After that you can convert the result of each frame to a matplot::vector_2d and plot it using the wavePlotter::Plotter class.

// Define the number of different levels for the contour plot
int num_levels = 100;
// Create the levels for the contour plot based on the min and max values of u
double min_u = np::min(u);
double max_u = np::max(u);
std::vector<double> levels = matplot::linspace(min_u, max_u, num_levels);
 
// Create the x and z axis for the contour plot and convert them to matplot format
boost::multi_array<double, 1> x = np::linspace(xmin, xmax, nx);
boost::multi_array<double, 1> z = np::linspace(zmin, zmax, nz);
const boost::multi_array<double, 1> axis[2] = {x, z};
std::vector<boost::multi_array<double, 2>> XcZ = np::meshgrid(axis, false, np::xy);
 
matplot::vector_2d Xp = np::convert_to_matplot(XcZ[0]);
matplot::vector_2d Zp = np::convert_to_matplot(XcZ[1]);

From this point on you can plot it as you wish, for example, if you want a filled contour plot you can do:

matplot::vector_2d Up = np::convert_to_matplot(this->u[frame_index]);
matplot::contourf(this->Xp, this->Zp, Up, this->levels);
matplot::show();

Another option is to pass the data to the wavePlotter:Plotter class and use the plot function to render all frames

// Create the plotter object and animate the results
wavePlotter::Plotter my_plotter(u, Xp, Zp, num_levels, nt);
 
// If you want to render a specific frame, use this:
// my_plotter.renderFrame(int frame_index);
 
// Renders the entire animation from start_frame to end_frame
int start_frame = 20;
int end_frame = nt - 1;
int fps = 30;
my_plotter.animate("example-wave.mp4", start_frame, end_frame, fps);

The animation will be saved in . and the frames will be saved to ./output

Exporting the results to csv files

You can export the results to a series of individual csv files using the wavePlotter::Plotter class.

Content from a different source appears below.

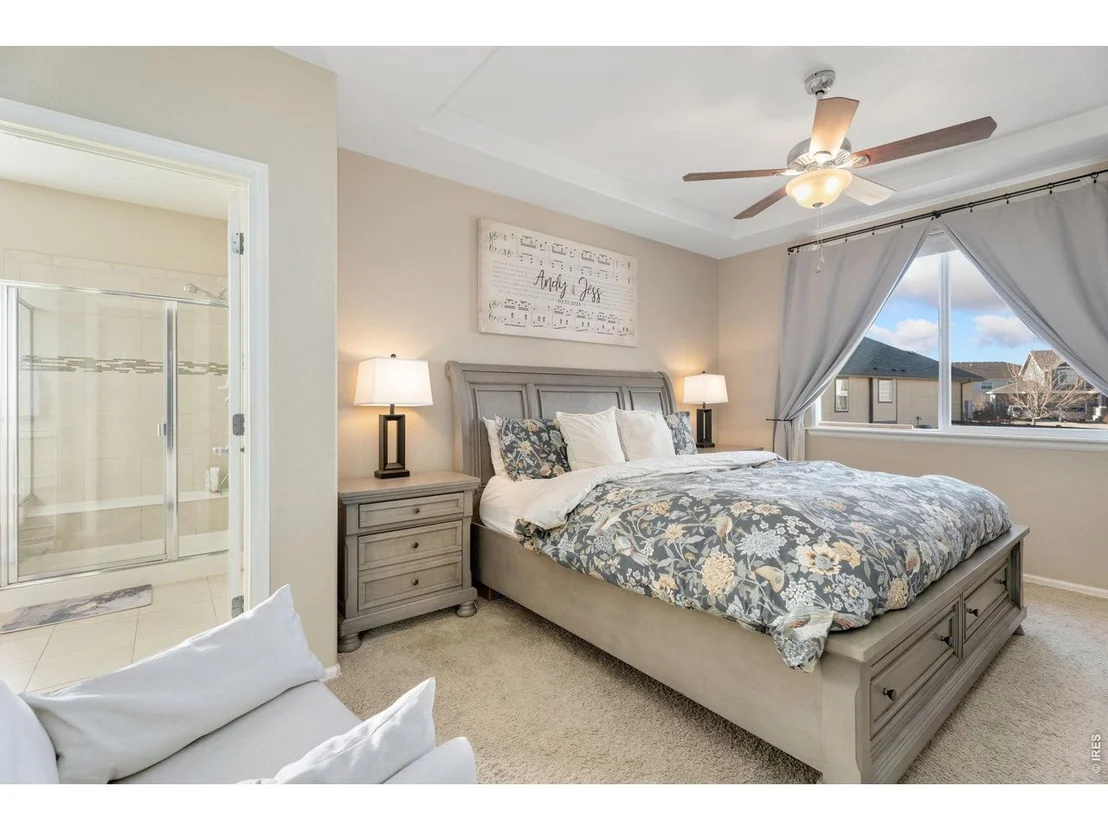 Photo of 2084 Bayfront Dr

// Create the plotter object and animate the results
wavePlotter::Plotter my_plotter(u, Xp, Zp, num_levels, nt);
 
// If you want to export a specific frame, use this:
// my_plotter.exportFrame(int frame_index);
 
// Exports the entire simulation from start_frame to end_frame
int start_frame = 20;
int end_frame = nt - 1;
my_plotter.exportAllFrames(start_frame, end_frame);

The frames will be saved to ./output

Each frame is saved as a csv file with the following format:

data at 0_0, data at 0_1, data at 0_2, ..., data at 0_nz
data at 1_0, data at 1_1, data at 1_2, ..., data at 1_nz
data at 2_0, data at 2_1, data at 2_2, ..., data at 2_nz
.
.
.

If you want to import the data into a python program you can use the following code:

frames = []
for i in range(999):
    filename = "output/frame_" + f'{i:08}' +".csv"
    frames.append(pd.read_csv(filename))

Please refer to src/examples/PythonLoadingExample.ipynb for a complete example on how to load the data into a python program and render it using matplotlib (of course you can use any other library to render the data).